The postoperative course was good. The open wound could close naturally by the administration of antibiotics, local treatment of the wound and diabetic therapy for one month.
Discussion and Conclusions
Sialolithiasis within the salivary gland ducts or parenchyma, is somewhat common in the adult population,3 with 12 per 100,000 people affected, and is characterized by symptoms of recent glandular swelling pain, and trismus. Traditional medical management consists of treatment with antibiotics and anti-inflammatory drugs, with the hope of spontaneous expression of the stone through the normal papilla. Surgical management is reserved for stones located in the proximal duct, and glandular resection is reserved for deeply embedded stones.4 Submandibular sialoadentis with sialolith may cause severe complications such as deep neck abscess or sepsis. We could find only two relevant papers in the literature concerning cervical fistula caused by submandibular sialolith. One case report described a neck fistula but there was no large defect in the neck skin as in our case.1,2 Our case suggested the possibility that submandibular sialoadentis due to sialolithiasis could progress to a neck abscess and the formation of a neck skin fistula; moreover, the condition would likely be worsened by the co-existence of diabetes. Our patient showed poor granuloma in the skin defect on the left neck, and was therefore at risk of potentially fatal complications such carotid artery rupture or sepsis. We could confirm neither tumor diseases nor tuberculosis by biopsy and bacteria culture. In such cases the infected sources should be carefully removed as soon as possible.
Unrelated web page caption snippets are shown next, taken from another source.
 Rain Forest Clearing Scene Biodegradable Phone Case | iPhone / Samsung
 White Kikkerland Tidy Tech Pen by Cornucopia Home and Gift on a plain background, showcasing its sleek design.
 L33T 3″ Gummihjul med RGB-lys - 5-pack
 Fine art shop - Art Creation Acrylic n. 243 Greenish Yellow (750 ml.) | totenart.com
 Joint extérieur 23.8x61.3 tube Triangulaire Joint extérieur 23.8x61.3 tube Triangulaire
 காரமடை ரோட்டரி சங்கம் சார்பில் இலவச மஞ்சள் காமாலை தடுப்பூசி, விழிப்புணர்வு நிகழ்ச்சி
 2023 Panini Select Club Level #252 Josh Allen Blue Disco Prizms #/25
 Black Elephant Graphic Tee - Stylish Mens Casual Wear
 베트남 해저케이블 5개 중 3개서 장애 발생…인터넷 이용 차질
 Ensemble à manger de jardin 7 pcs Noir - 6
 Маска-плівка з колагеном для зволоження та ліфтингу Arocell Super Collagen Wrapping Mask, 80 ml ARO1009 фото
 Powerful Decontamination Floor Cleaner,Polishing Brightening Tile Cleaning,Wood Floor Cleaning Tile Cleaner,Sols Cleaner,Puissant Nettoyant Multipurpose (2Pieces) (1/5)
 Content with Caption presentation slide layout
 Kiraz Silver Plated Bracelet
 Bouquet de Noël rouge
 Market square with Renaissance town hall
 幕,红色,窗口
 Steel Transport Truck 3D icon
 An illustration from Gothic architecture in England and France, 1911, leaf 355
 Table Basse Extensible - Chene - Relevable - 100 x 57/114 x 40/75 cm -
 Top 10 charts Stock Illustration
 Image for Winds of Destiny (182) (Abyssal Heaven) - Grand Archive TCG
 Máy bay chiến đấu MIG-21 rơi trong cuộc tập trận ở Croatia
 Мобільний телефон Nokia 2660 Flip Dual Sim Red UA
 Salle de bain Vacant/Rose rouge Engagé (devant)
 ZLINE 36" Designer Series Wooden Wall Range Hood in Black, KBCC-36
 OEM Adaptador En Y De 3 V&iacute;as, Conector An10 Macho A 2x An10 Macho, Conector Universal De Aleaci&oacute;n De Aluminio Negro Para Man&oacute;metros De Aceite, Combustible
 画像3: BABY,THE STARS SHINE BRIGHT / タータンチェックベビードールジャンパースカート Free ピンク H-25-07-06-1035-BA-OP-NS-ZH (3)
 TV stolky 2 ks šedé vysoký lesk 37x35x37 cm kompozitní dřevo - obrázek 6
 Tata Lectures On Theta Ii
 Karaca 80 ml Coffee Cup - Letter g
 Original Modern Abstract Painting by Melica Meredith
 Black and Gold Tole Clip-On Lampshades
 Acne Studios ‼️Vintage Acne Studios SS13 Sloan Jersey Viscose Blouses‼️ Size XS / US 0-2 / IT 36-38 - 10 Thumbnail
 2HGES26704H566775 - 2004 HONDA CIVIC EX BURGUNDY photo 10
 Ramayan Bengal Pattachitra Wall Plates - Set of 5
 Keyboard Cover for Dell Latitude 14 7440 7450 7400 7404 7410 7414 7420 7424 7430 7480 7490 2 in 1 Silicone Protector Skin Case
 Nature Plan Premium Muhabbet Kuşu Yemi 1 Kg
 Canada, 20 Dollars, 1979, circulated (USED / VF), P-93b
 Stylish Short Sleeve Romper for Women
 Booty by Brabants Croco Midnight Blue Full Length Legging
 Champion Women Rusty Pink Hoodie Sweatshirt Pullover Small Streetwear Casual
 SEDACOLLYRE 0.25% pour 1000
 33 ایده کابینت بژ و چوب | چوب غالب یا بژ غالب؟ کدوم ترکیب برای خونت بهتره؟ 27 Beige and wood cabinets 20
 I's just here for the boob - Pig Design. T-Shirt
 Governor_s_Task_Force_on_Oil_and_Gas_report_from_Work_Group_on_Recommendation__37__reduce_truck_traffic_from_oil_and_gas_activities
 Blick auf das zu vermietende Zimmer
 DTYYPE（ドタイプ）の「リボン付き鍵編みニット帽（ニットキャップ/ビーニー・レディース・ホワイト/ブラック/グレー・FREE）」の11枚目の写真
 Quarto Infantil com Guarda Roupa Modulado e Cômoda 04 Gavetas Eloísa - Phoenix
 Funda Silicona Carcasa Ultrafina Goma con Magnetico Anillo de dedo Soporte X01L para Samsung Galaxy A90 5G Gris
Kleliszak4 attempted the extirpation by the above method in a case of submandibular siaolithiasis with Wharton duct fistula in the oral cavity, but there was no cervical fistula as in our case. In our case, for complete removal of the infected focus and drainage, we selected an external skin incision approach and removed the left submandibular gland with Wharton duct stones and poor granulomas. The postoperative wound was left open and was not sutured in order to allow drainage of the pus from the wound. The postoperative course was good. The open wound could close naturally by the administration of antibiotics, local treatment of the wound and diabetic therapy for one month.